Persistency of entanglement and nonlocality in multipartite quantum systems

TL;DR

This paper explores how entanglement and nonlocality in multipartite quantum systems persist under particle loss, introducing a new measure called persistency of nonlocality and analyzing its relation to state symmetry.

Contribution

It defines and investigates the concept of persistency of nonlocality, providing insights into how symmetry affects quantum correlations and proposing device-independent methods to estimate state asymmetry.

Findings

States with maximal persistency exhibit strong nonlocal correlations.

High symmetry in states tends to reduce correlation strength.

The work introduces a device-independent approach to estimate state asymmetry.

Abstract

The behaviour under particle loss of entanglement and nonlocality is investigated in multipartite quantum systems.
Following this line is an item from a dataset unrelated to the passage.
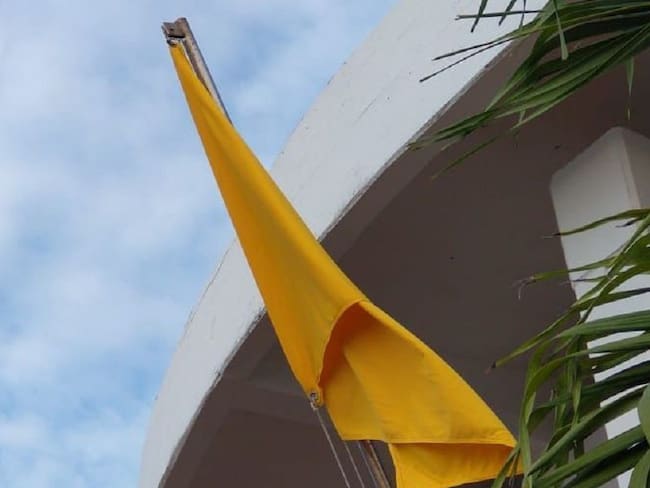 Actualmente en el área marítima se presentan vientos con velocidades de 27 a 46 kilómetros por hora y olas con altura entre 1.5 y 2.0 metros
In particular, we define a notion of persistency of nonlocality, which leads to device-independent tests of persistent entanglement. We investigate the persistency of various classes of multipartite quantum states, exhibiting a variety of different behaviours. A particular attention is devoted to states featuring maximal persistency. Finally we discuss a link between the symmetry of a state and its persistency, illustrating the fact that too much symmetry reduces the strength of correlations among subsystems. These ideas also lead to a device-independent estimation of the asymmetry of a quantum state.